By all means, this isn’t exactly new. You can find
/Dockerfile in the SecLists repository for a while.
However, it seems that so far nobody (publicly) investigated this. I’m also still operating a bunch of sites that are in the top 1 million list and I couldn’t find a single request for this file in my (limited) log files.
So I’ve started to do my own scan of the Alexa top 1 Million sites list.
This work was heavily inspired by the research of Hanno Böck in the past and in particular I used his wonderful tool snallygaster to conduct most of the scans. Thanks Hanno!
What is a Dockerfile?
A Dockerfile is the blueprint of a container. It contains all commands needed to build it. It is a simple plaintext file. You can tell Docker to copy files into the container, expose network ports and of course run any command during the build, for example:
FROM nginx COPY default.conf /etc/nginx/conf.d/default.conf COPY html/ /usr/share/nginx/html RUN echo "192.168.1.14 mysql" >> /etc/hosts EXPOSE 80
Basically you describe exactly how the container is configured, which packages are installed and what commands are being ran in the process of building it.
As you can see it doesn’t necessarily contain sensitive information. In the above example we don’t even see which files are copied to the NGINX document root.
Out of the 1’000’000 sites 659 served a Dockerfile.
There is large reuse of existing Dockerfiles, one in particular was used 105 times.
Overall this boils down to 338 unique Dockerfiles being served.
The remaining 298 were uniquely used by only one site.
Not much there that we couldn’t also figure out by looking at the site directly.
It’s nice to know exactly which PHP modules are used on the server, this might be useful in some cases.
Overall I found SSH keys, npm tokens, TLS keys, passwords, AWS secrets, Amazon SES credentials, countless configuration files and source code of some of the applications.
These are of course the extreme examples which are to be expected on such a wide range scan.
How does this happen?
By default the Dockerfile is not copied into the container and certainly not to a publicly served folder.
With the first COPY line they copy everything in the current folder to a publicly served folder.
Afterwards configuration files get copied.
With this both the nginx.conf and the complete ssl directory are public. We can now simply fetch the nginx.conf, lookup the name of the certificate and key files and then fetch those as well.
In some cases there was no such COPY command. I can only guess that the files ended up due to another mistake in the document root, possibly unrelated to Docker.
With only 0.066 % of sites exposing a Dockerfile this doesn’t look like a very widespread problem.
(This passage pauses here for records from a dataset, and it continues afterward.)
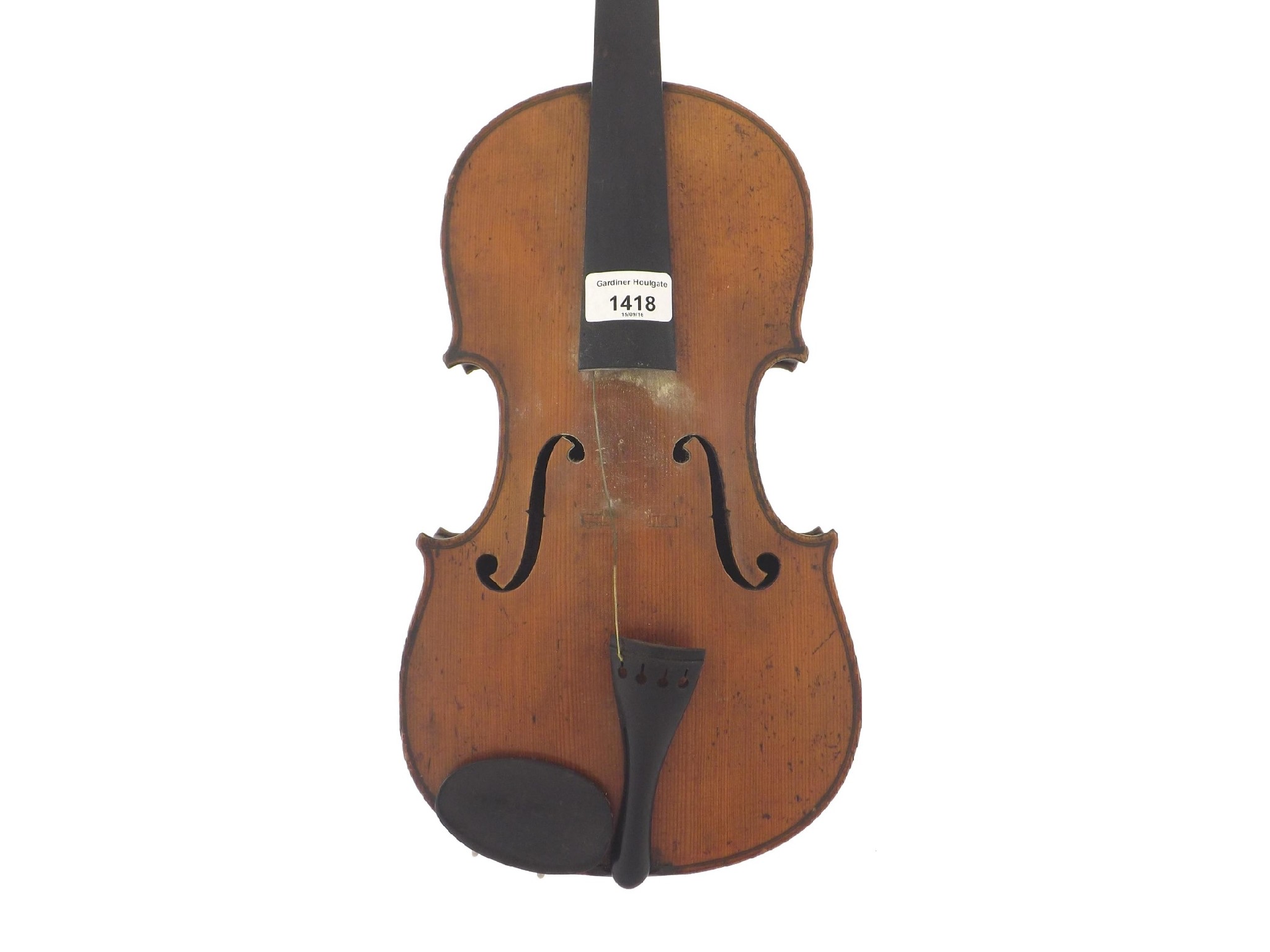 Appraisal: Violin labelled El Tesoro circa the two piece back of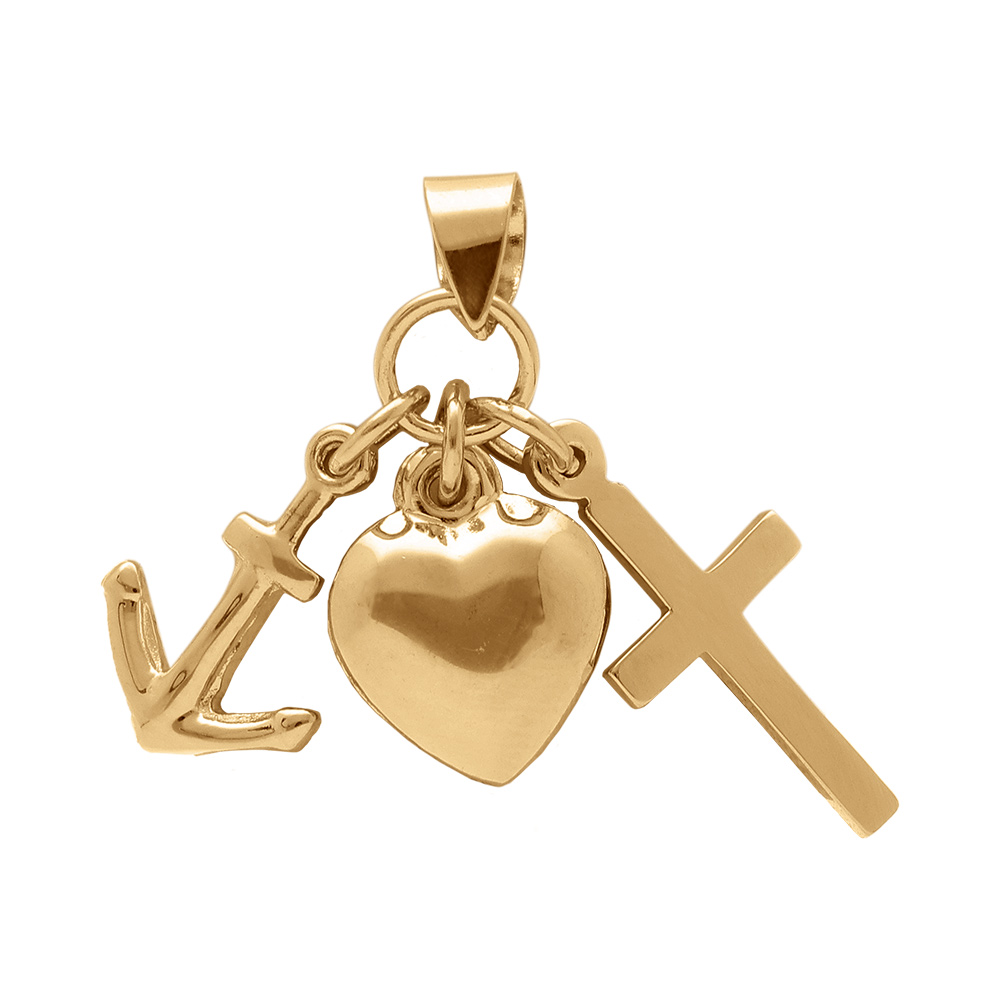 Pendentif en argent doré ancre, coeur et croix (charité, foi, esperance)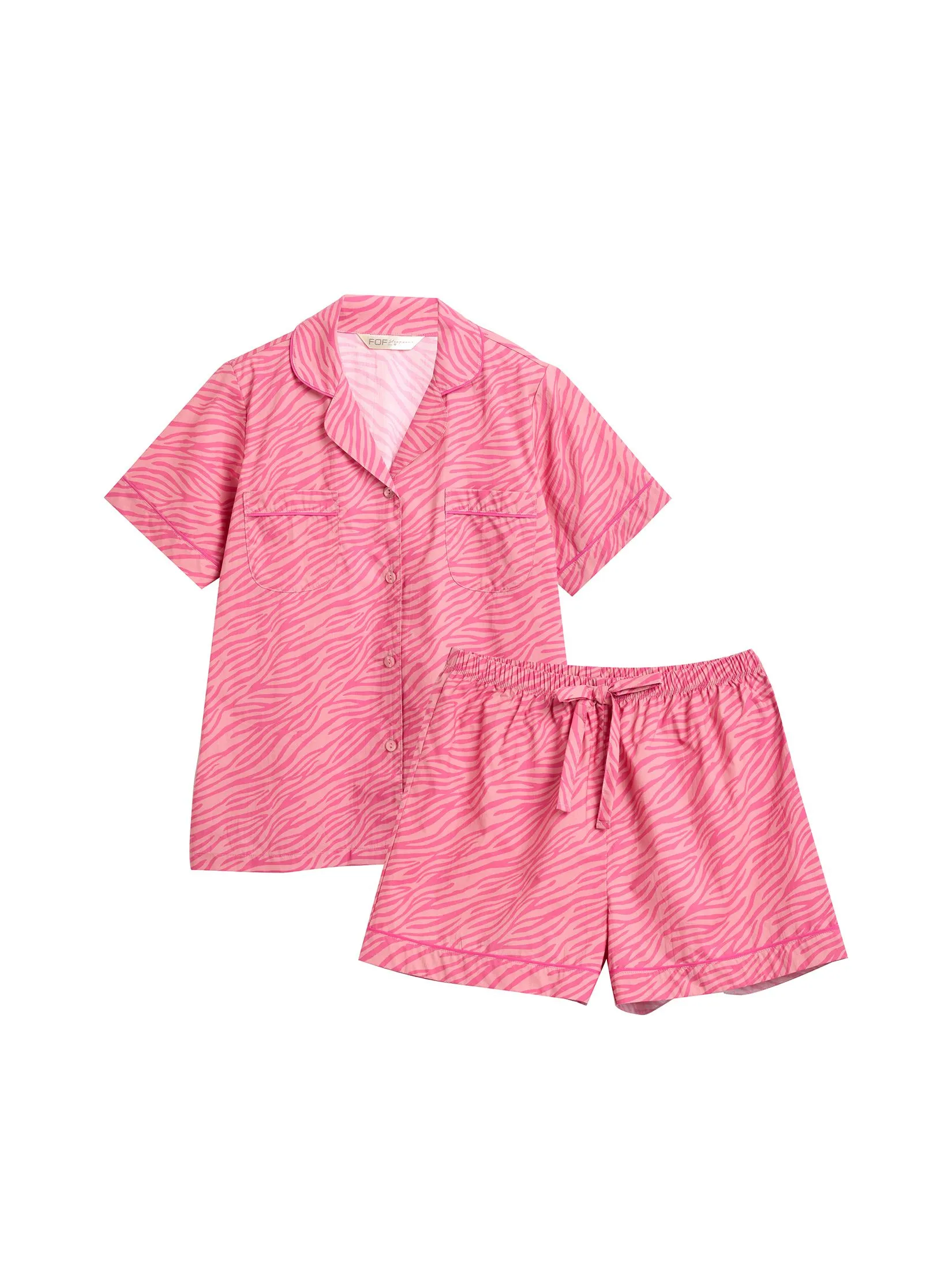 FOF Women Sleepwear Shirt Collar + Shorts Linning Pink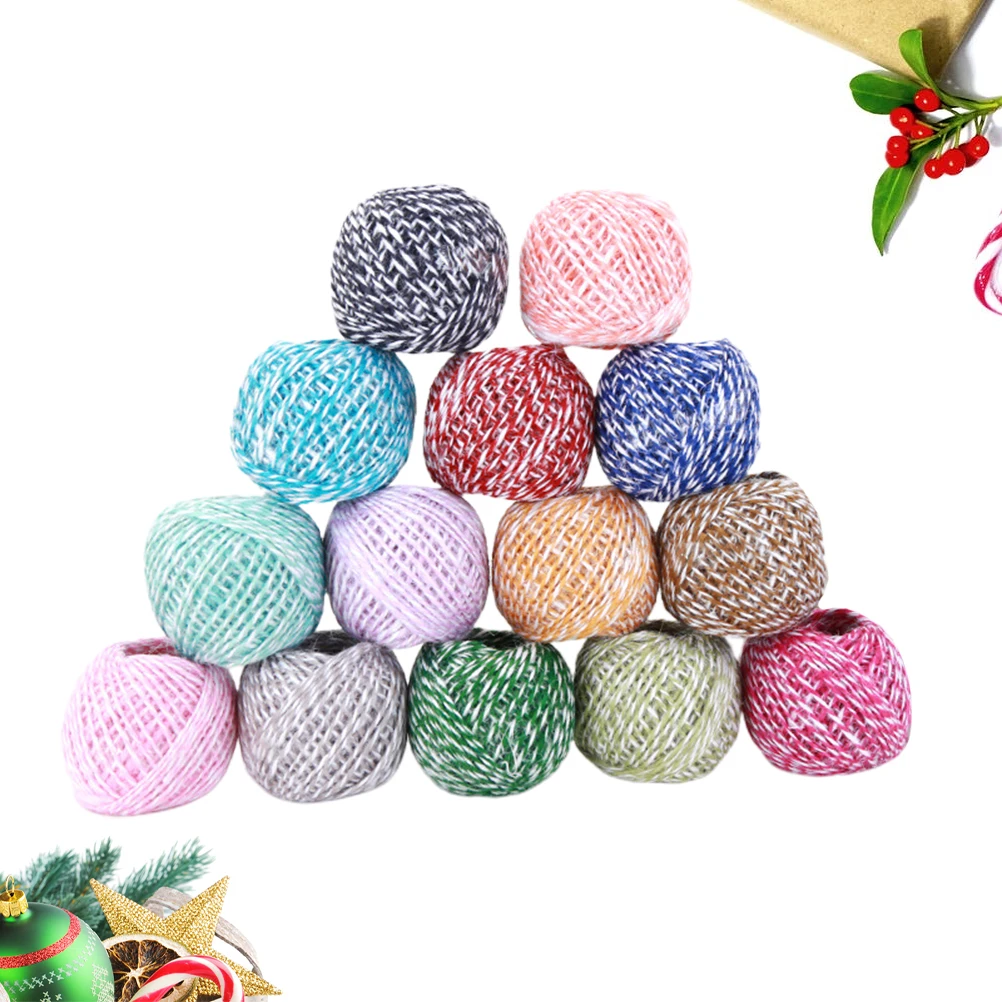 

14 PCS Garden Twine Colored Coil Burlap Rope DIY Jute Gardening Christmas Decor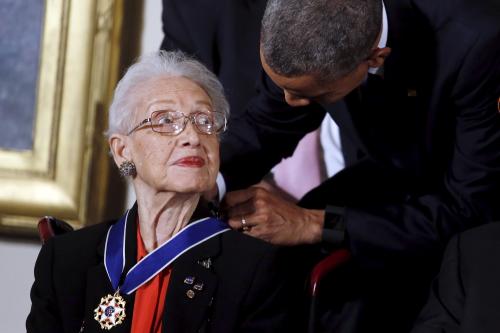 U.S. President Barack Obama presents the Presidential Medal of Freedom to NASA mathematician Katherine G. Johnson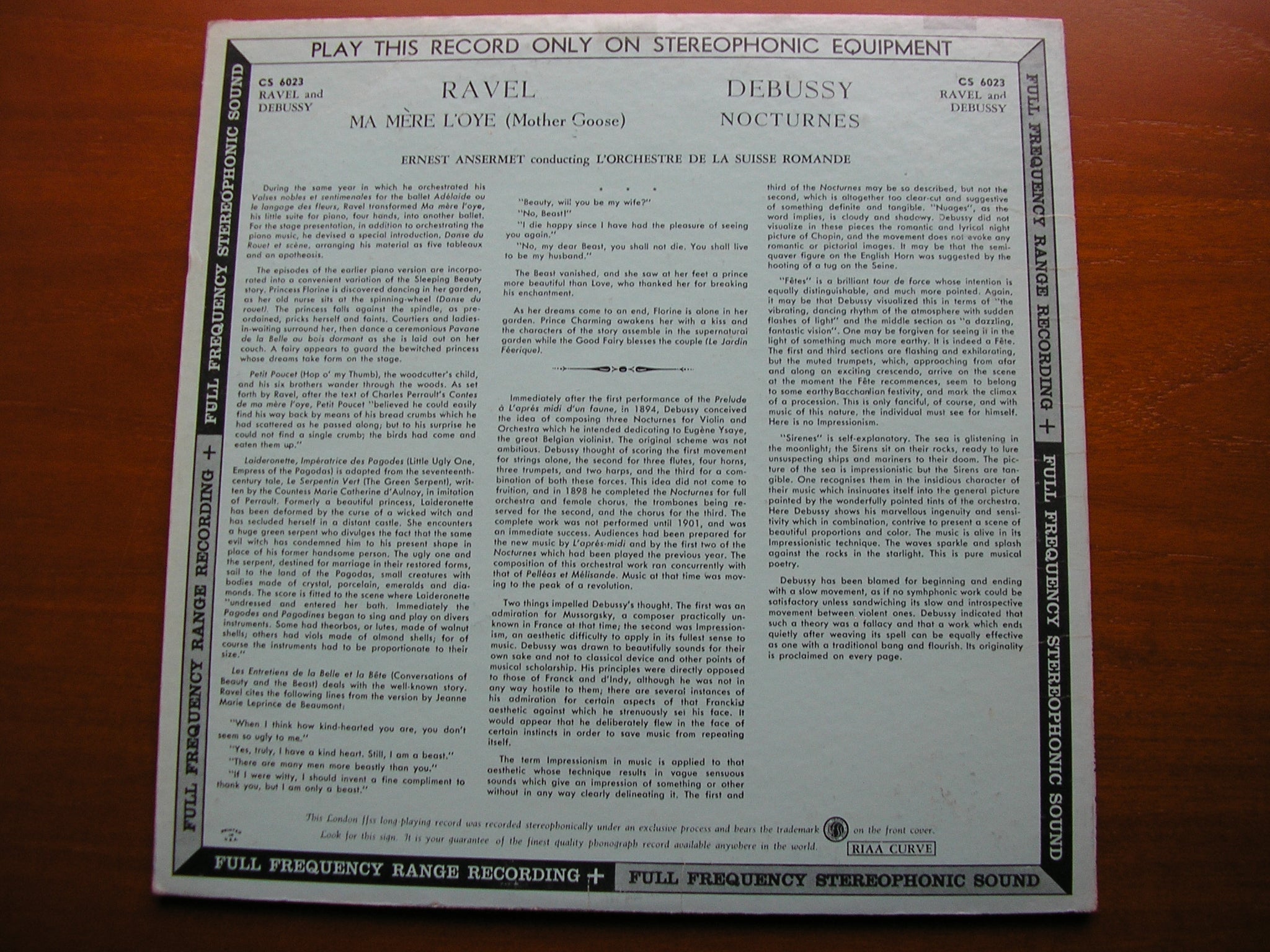 RAVEL: MA MERE L'OYE / DEBUSSY: NOCTURNES   ANSERMET / SUISSE ROMANDE    CS 6023
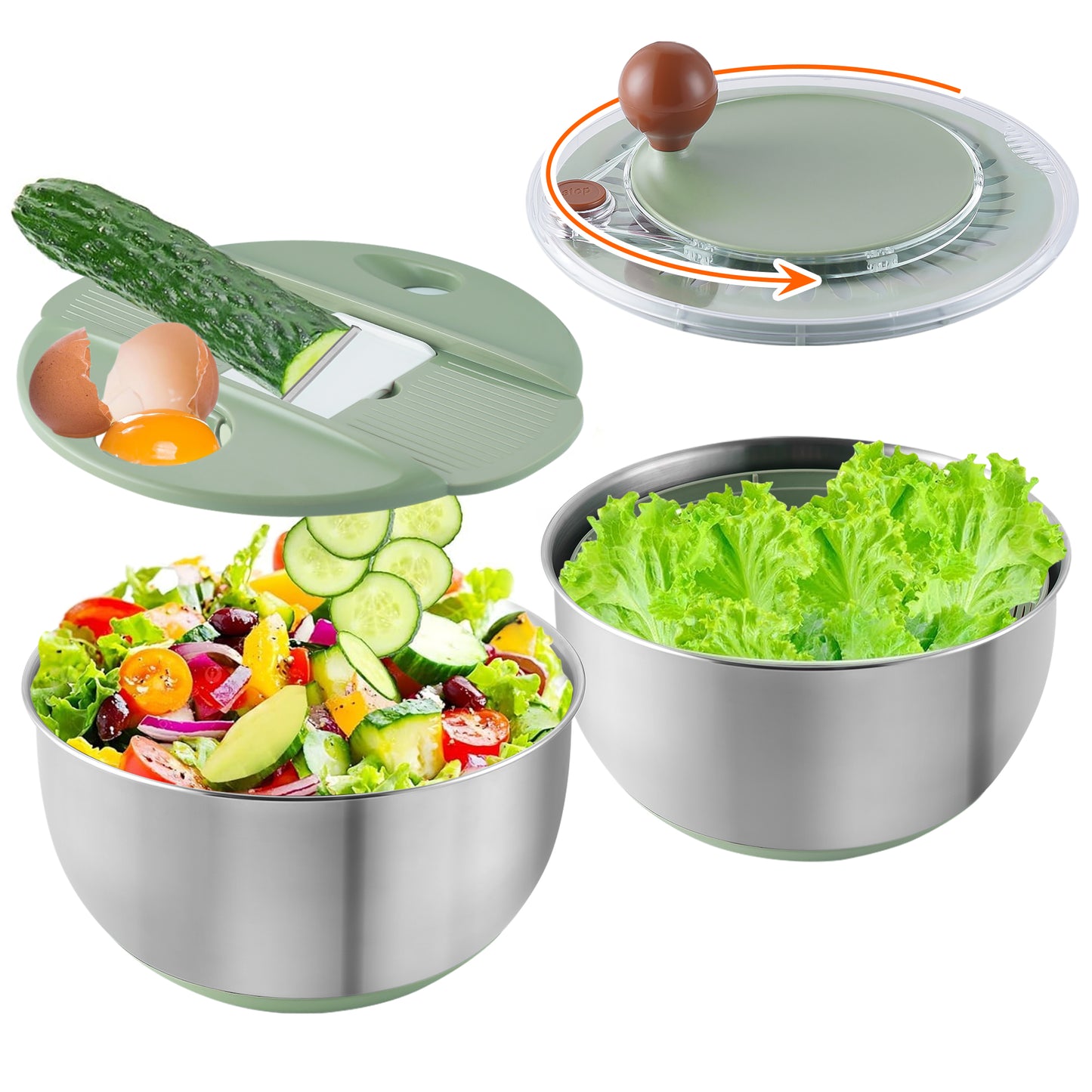 Fortune Candy 5.3 Qt Stainless Steel Salad Spinner, 7-in-1 Vegetable Washer, Cutter & Chopper with 5 Blades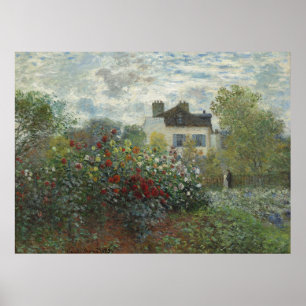 The Artist’s Garden with Dahlias Poster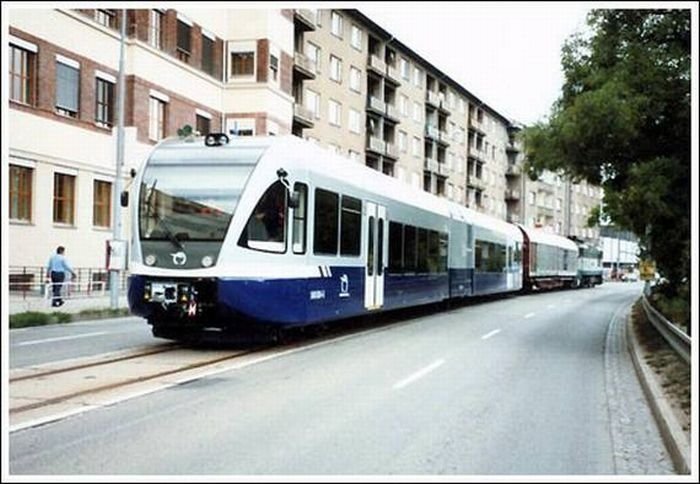 Train in the city, Brno, Czech Republic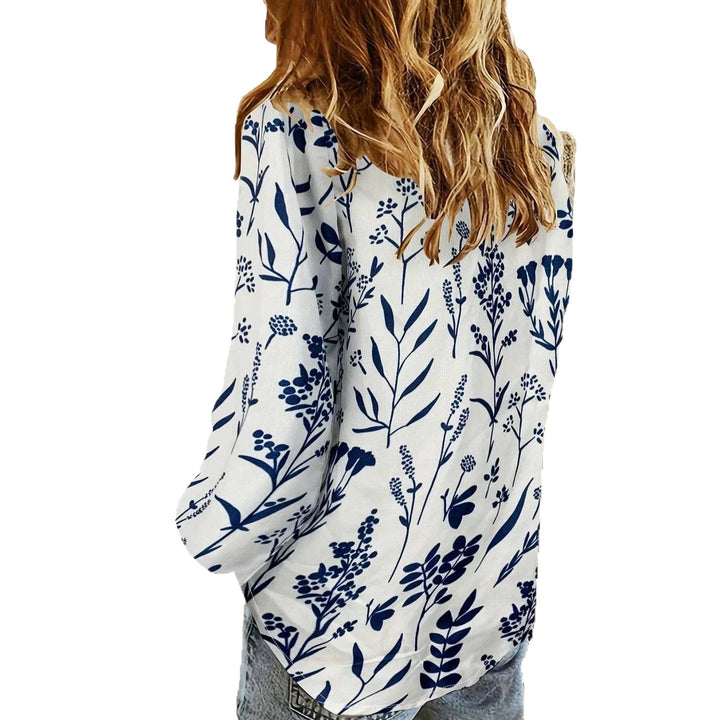 Damen nan lockere Leinenoptik-Bluse mit V-Ausschnitt botanischem Alloverprint und Dreiviertelärmeln Drune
And on top of that only a subset of those – less than 100 – expose really critical information that can lead to a compromise.
But in any case, it rarely makes sense to publicly serve a Dockerfile.
Even if you don’t include any keys, passwords or other secrets: It still doesn’t make sense to give everyone a blueprint of your system.
The sites that don’t expose anything critical right now might start in the future when changes are made to this seemingly private file.
It’s generally good advice – even if you don’t use Docker – to simply check your public webroot folder for any files that shouldn’t be there and remove them.